When I was there picking up my dinner, you called and placed an order just as I was walking in.  It took a couple of minutes for you to go through the process of placing your order, and when you finished, the clerk put you on hold to get your total.  I overheard her tell you it was $45 and change and it would be ready in 45 minutes to an hour.

And as the clerk was entering your information into the credit card machine, she stopped for a moment, then said to you “Yep, about 45 minutes to an hour.”  And a moment later, she said “Okay”, hung up the phone and crossed out everything she’d just written.

Here’s the thing: if you call a pizza place on a Saturday night and order $45 worth of food (which I’m guessing was in the neighborhood of three or four pizzas plus breadsticks and all that extra crap), you can’t reasonably expect them to get your order ready in ten minutes.  Quite frankly, 45 minutes seems pretty damned fast for that much food.

Dear Spammers

Do you really think that posting dozens of comments to my little dog and pony show here will actually get you something?

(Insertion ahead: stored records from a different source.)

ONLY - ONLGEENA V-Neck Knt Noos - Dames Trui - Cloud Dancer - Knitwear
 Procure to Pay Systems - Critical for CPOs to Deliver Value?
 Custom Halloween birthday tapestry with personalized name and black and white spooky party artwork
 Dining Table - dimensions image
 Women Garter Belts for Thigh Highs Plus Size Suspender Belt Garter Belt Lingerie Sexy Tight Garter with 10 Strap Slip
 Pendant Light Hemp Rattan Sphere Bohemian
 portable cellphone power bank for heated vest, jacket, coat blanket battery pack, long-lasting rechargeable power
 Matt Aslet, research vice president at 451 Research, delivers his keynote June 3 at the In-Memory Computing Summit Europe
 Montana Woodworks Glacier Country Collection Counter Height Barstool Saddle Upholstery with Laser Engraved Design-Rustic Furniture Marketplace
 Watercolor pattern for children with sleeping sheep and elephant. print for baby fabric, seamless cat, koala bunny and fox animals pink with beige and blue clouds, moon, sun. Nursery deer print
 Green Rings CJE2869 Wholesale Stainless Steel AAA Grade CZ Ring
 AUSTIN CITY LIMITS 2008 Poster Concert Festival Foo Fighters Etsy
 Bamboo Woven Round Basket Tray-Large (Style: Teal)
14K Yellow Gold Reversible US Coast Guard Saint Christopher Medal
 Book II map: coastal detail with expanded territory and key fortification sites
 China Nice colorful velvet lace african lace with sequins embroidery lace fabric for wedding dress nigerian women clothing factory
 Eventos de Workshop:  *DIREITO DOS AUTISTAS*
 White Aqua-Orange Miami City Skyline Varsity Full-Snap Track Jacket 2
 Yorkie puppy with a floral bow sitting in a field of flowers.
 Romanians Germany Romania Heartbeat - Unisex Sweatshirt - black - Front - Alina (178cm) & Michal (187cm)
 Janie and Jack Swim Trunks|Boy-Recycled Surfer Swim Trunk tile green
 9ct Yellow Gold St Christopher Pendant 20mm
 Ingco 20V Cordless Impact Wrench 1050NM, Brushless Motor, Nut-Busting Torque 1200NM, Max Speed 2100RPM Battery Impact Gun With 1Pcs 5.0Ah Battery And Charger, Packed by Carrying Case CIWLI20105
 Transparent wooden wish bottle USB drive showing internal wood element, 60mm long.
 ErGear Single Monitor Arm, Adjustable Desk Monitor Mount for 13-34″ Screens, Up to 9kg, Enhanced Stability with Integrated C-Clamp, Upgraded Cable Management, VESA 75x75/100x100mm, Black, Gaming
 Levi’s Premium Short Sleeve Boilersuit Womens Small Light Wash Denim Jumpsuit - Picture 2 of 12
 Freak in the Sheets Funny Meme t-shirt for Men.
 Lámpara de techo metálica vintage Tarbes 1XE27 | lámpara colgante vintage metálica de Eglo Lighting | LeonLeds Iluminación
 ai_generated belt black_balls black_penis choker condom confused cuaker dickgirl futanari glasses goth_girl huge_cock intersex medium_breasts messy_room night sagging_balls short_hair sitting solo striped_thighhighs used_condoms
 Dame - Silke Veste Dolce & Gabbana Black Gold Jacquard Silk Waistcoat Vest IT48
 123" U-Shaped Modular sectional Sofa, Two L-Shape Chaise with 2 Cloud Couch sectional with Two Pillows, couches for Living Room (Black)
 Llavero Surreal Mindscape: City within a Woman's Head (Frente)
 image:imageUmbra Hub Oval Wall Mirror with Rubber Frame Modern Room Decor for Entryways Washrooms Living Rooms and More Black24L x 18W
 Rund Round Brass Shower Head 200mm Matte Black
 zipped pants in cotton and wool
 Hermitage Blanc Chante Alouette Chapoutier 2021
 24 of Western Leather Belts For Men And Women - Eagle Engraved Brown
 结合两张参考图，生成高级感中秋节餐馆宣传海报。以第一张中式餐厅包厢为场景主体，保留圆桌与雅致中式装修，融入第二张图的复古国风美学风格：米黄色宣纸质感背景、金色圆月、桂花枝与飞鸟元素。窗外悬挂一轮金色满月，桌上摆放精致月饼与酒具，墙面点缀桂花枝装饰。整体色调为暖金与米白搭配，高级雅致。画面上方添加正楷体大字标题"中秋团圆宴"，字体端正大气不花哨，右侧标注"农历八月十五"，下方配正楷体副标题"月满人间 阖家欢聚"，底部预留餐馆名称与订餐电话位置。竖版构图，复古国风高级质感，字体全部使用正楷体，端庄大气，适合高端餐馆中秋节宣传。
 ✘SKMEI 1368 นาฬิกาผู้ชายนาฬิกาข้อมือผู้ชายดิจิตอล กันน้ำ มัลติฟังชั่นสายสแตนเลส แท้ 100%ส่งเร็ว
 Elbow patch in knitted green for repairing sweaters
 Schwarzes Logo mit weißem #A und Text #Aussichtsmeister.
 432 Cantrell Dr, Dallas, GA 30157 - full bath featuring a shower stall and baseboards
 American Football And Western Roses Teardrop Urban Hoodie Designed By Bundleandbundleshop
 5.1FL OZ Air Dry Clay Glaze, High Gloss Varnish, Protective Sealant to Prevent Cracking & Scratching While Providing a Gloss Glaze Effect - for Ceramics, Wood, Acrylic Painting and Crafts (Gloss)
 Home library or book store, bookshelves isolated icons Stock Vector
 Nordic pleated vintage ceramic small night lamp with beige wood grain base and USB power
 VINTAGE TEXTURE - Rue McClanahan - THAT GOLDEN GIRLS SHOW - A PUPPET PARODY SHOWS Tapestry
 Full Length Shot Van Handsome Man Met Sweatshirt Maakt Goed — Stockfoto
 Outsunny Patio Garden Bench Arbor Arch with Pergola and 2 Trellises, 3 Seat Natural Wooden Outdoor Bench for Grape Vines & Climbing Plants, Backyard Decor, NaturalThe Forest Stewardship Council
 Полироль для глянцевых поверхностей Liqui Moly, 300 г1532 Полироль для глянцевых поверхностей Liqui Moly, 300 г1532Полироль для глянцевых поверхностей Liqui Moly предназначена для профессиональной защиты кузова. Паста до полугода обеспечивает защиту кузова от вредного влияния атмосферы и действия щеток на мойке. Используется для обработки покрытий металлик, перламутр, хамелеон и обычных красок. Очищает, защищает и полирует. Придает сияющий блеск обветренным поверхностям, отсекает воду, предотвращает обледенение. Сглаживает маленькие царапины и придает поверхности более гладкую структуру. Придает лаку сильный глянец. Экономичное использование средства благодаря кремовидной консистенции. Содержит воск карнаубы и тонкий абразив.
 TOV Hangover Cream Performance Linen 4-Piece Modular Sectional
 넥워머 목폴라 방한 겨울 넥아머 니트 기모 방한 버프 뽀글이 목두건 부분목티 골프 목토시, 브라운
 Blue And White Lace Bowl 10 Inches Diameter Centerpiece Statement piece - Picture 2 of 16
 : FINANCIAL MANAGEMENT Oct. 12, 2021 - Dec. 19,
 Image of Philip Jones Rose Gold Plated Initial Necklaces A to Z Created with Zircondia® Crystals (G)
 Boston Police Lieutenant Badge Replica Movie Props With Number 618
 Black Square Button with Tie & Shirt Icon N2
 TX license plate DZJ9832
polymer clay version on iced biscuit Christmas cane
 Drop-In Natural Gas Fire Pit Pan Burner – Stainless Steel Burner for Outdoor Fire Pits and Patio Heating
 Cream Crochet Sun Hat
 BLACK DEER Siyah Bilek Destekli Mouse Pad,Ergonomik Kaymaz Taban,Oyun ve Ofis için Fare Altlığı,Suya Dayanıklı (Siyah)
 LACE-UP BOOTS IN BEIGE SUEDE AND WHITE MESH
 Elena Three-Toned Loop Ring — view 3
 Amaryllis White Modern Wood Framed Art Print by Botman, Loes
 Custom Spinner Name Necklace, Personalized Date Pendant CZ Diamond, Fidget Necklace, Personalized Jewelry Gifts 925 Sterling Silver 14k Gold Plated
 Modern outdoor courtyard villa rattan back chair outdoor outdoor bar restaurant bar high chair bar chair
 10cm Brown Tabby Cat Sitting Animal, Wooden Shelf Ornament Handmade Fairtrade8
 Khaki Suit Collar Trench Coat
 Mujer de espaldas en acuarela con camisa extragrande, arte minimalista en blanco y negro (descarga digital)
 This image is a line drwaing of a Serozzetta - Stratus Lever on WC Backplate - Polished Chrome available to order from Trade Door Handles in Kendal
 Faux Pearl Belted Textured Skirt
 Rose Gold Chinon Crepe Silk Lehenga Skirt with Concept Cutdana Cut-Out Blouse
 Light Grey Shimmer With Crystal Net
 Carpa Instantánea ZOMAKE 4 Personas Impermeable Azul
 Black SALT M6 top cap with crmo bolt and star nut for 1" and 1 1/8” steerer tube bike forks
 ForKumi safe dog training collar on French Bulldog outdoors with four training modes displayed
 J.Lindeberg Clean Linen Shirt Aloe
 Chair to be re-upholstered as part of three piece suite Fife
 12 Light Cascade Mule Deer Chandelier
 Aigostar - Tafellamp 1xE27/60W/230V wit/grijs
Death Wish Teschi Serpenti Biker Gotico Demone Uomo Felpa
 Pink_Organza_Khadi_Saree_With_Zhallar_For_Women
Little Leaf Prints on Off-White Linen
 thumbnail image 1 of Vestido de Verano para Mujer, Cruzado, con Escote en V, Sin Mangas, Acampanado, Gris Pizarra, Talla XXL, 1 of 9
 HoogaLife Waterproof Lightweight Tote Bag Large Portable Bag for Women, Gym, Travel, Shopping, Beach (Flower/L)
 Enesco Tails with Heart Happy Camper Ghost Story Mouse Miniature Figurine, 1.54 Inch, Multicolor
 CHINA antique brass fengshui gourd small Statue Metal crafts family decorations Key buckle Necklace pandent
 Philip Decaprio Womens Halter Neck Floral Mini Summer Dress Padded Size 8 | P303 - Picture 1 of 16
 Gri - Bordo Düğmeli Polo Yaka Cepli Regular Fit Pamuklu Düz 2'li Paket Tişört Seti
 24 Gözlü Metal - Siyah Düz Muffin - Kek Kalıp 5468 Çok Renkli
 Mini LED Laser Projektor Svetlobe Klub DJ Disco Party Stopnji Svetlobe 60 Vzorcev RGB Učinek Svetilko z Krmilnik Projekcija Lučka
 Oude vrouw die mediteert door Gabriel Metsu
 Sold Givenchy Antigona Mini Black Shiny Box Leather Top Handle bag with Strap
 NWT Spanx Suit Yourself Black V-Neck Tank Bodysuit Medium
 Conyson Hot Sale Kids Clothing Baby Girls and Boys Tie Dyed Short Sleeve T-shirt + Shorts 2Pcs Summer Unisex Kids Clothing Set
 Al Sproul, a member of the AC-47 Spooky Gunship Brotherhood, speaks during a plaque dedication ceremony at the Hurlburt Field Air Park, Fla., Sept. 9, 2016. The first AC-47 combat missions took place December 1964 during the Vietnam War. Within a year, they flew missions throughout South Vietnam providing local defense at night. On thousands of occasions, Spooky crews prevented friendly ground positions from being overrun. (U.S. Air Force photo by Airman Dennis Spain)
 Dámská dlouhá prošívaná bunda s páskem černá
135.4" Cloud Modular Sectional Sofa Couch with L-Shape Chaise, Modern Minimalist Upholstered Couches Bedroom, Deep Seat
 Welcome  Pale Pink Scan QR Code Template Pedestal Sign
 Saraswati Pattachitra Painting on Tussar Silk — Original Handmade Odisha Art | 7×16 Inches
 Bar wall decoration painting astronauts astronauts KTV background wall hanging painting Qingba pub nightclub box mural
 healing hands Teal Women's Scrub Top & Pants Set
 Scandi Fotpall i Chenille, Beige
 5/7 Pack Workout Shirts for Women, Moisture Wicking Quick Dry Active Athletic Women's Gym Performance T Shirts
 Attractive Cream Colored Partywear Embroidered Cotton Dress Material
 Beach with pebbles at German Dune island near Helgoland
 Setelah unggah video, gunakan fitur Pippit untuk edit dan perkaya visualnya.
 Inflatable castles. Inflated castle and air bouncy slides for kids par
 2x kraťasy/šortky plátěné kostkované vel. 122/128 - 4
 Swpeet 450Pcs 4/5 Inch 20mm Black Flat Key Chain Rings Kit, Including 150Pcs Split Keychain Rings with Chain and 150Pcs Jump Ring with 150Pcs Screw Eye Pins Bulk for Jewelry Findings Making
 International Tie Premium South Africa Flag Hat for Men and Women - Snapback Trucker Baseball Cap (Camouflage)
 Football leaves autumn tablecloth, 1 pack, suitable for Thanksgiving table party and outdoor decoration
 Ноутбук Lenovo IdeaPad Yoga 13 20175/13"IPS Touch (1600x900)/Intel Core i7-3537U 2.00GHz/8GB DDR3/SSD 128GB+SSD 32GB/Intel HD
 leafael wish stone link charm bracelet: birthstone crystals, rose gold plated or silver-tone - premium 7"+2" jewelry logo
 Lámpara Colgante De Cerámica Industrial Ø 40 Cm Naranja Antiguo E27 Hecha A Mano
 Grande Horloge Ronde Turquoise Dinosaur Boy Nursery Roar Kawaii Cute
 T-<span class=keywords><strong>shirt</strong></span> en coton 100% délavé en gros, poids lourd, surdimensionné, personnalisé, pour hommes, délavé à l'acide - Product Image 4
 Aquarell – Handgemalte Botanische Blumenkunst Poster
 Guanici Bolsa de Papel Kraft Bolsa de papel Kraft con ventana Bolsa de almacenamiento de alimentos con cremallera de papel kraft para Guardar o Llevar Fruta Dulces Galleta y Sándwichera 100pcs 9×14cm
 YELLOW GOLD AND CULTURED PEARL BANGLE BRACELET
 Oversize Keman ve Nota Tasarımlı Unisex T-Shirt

You suck.  That’s why I had to turn off comments.

Dear Guy Sitting Outside My Window In His Car


I was just sitting here thinking to myself “Gee, I really wish there was someone outside in their car playing their really, really shitty music really loudly so I could have to listen to it against my will.”

And then you pulled up.

You’re the best.  Your music, not so much.

Dear Woman at the Laundromat

It’s perfectly reasonable for you to put your clothes in a dryer, and it’s perfectly reasonable for you to put four quarters into the dryer, and it’s perfectly reasonable to ask the attendant how long the dryer will run on four quarters, and it’s perfectly reasonable for you to leave for a while when she tells you “about twenty minutes”.

But you really don’t need to tell the attendant “I’ll be back” when you leave.

No one ever thought that you might be a clothes-abandoner, here to drop all of your clothing in a dryer, drop a buck into the slot, then leave, never to be seen again.

Dear NFL

You’re making a big deal this weekend (week 6 of the 2015 season) everywhere you can that next week’s game in London will be streaming live on the Internet for the first time ever.

Wikipedia says the first ever live stream was 22 years ago.  There are literally thousands of live streams from various sources on the Internet.  This isn’t a big deal.  It’s you finally pulling your heads out of your asses and figuring out that this Internets thing might stick around for a while.